Apparently so. Tom hates Keriann’s dish. Her meatballs are dry and that onion jam is too sweet. Red Ream ties it up, 2-2.
The final battle: Aaron’s Asian spaghetti and meatball versus Katie’s stout chocolate cake. Tom makes the astute observation that war always comes down to the last battle. Thanks Tom.
If chocolate cake kills him today, Aaron says, he will shoot himself in the face.
As soon as Aaron put his dish in front of the judges, Tom shoots Hugh a “What is this?” look and takes a whiff at the dish. Not a good sign.
Basically, the scallop noodle has no texture. Tom says the dashi is OK, with a good amount of smokiness. Aaron commits one of those things you don’t do: He starts rattling off his mistakes. He tells the judges that his original dashi fell on the ground and the broth they’re tasting is out of a box. I guess he decided to shoot himself in the foot first.
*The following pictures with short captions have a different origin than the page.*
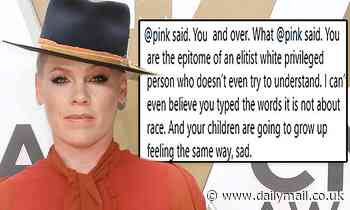 Pink defends herself from Instagram trolls after slamming the 'All Lives Matter' movement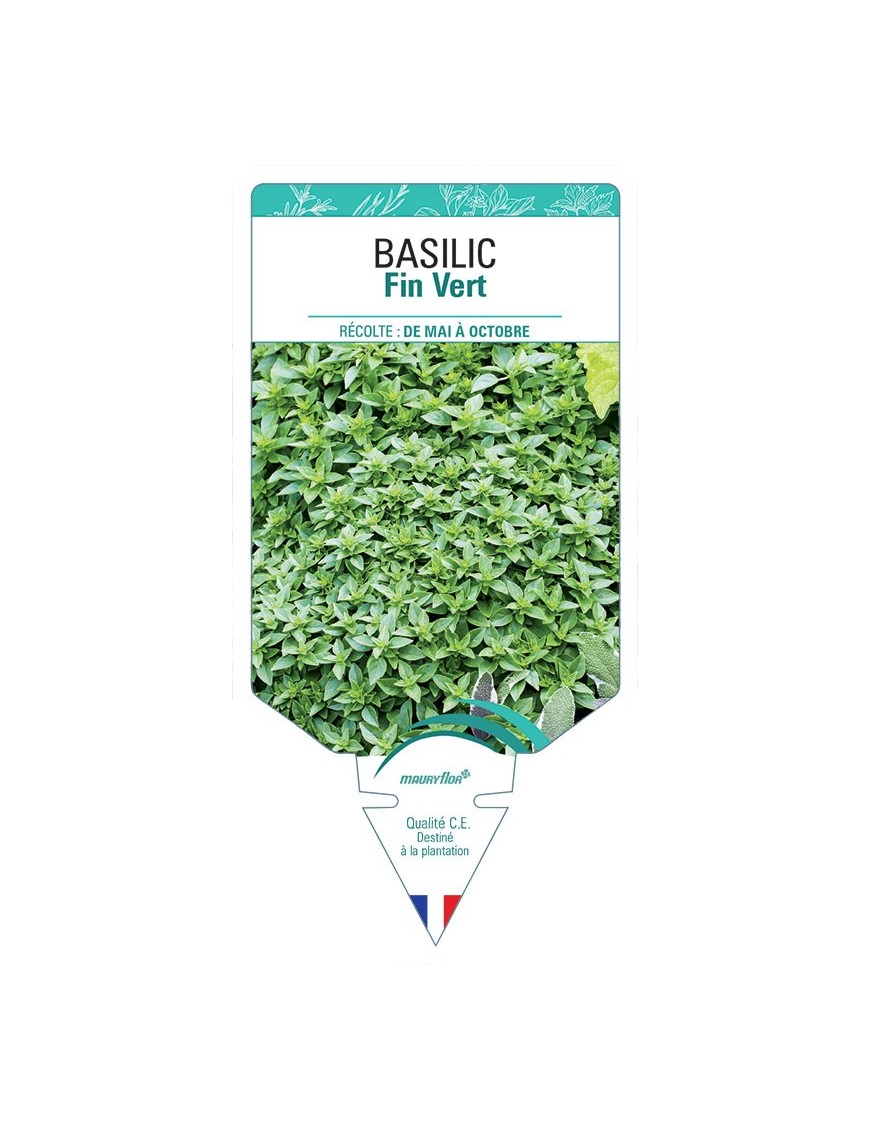 BASILIC FIN VERT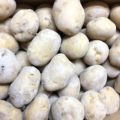 【特売情報】長崎県産の男爵イモ｜今週土曜日のお得な業務用野菜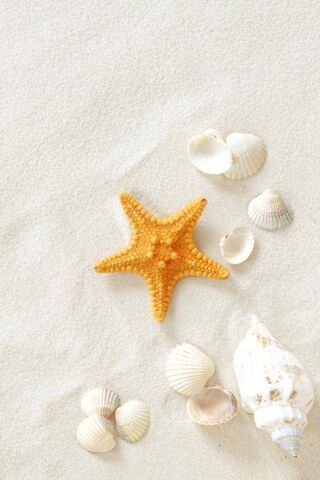 Star of the Shore 🌊⭐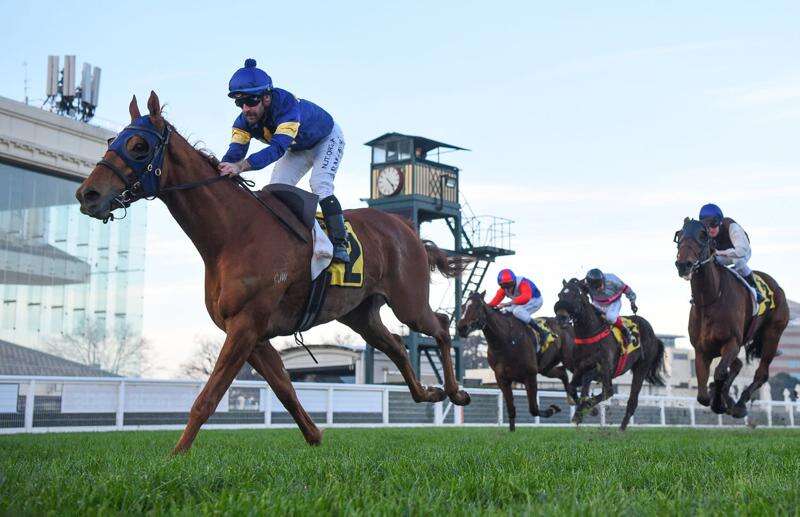 Payney's Punt Moonee Valley races preview Shepparton News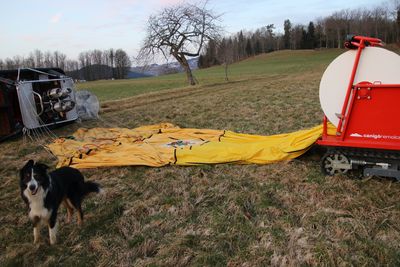 The balloon cables are securely attached to the basket. Scooby, our pilot's dog, greets us cheerfully.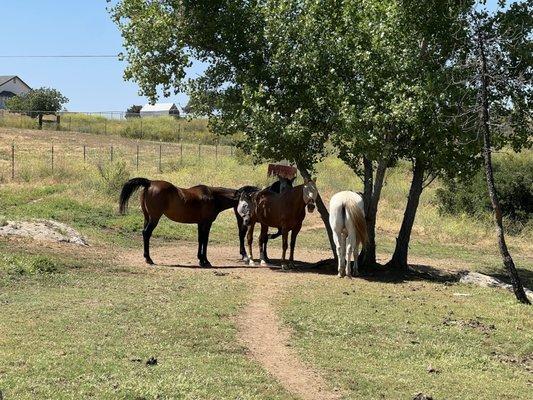 My happy horses thanks to Dr. Moore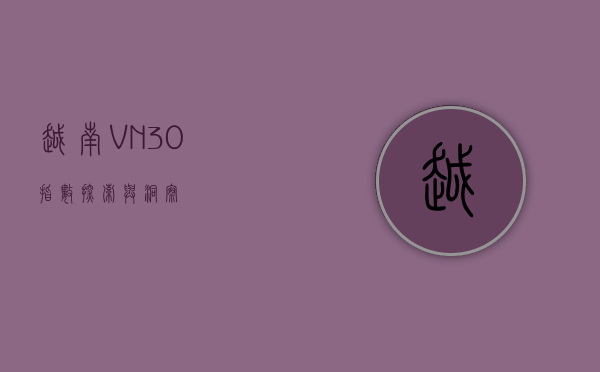 越南VN30指数，探索与洞察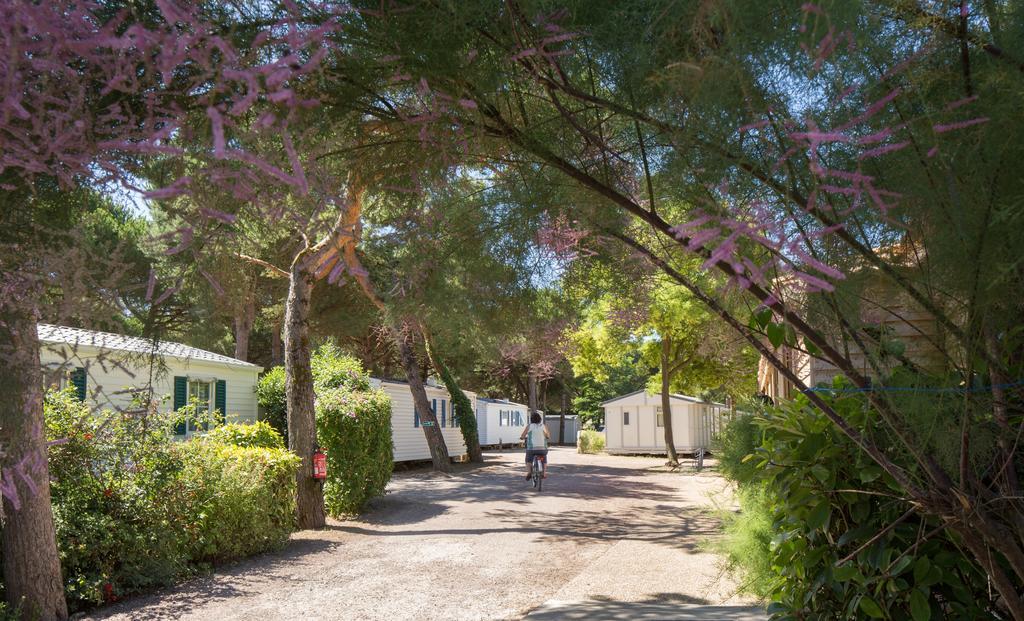 Le Suroit Camping 3*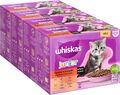 Whiskas Junior Katzennassfutter Klassische Auswahl in Sauce 12x85g 4er Pack
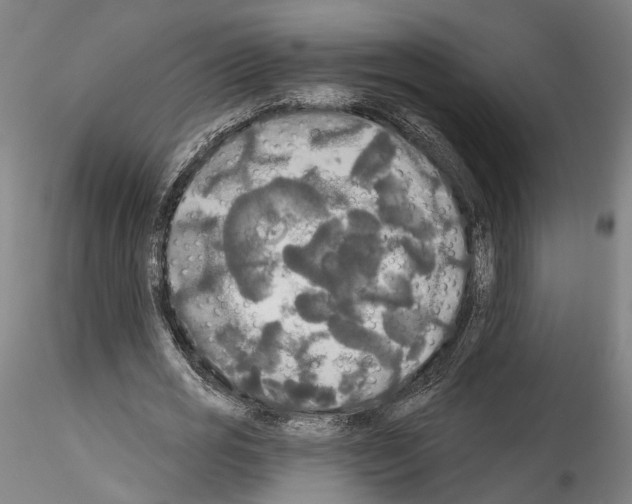 X0000114550725200911301224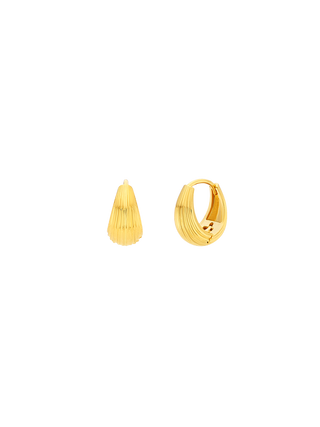 Classic Shell Bold Hoops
At this point, Katie just needs to serve an acceptable cake, which she does. With the outcome obvious, Katie gives Aaron one last shove off the cliff. She brings up how Aaron’s been talking trash about desserts, goading him to say with a smirk on his face, “I thought this was a war challenge and I don’t see anyone bringing chocolate cake to war.”
Hugh immediately fires back, “Have you ever seen them bring a scallop noodle to war? Because I don’t know about that either.”
Judges laugh, audiences laugh. We’re all laughing.
Aaron just stands there awkwardly, smirk long disappeared, giving Hugh the four-letter-word stare.
Blue team wins the war. 3-2.
Adam and Mei are both safe, which leaves Stacy, Melissa and Aaron.
At this point, Tom asks if anyone on the Red Team feels like they should have looked out for each other, specifically Aaron and his limp noodles. Tom, have you seen how annoying this guy is? Nobody would go out of the way to save him.
Gregory tries to act sanctimonious and chimes in, “I would have never allowed that to happen.” Where were you with Keriann’s dry meatball?
It’s pretty obvious who gets the boot this week. Tom tells Aaron that he just tried to do too much with this dish. He packs his knives.
Surprisingly, Aaron departs with grace. He thanks everyone and says he felt honored just to be there. Damn, now I can’t say snarky, see-you-later, comments about him!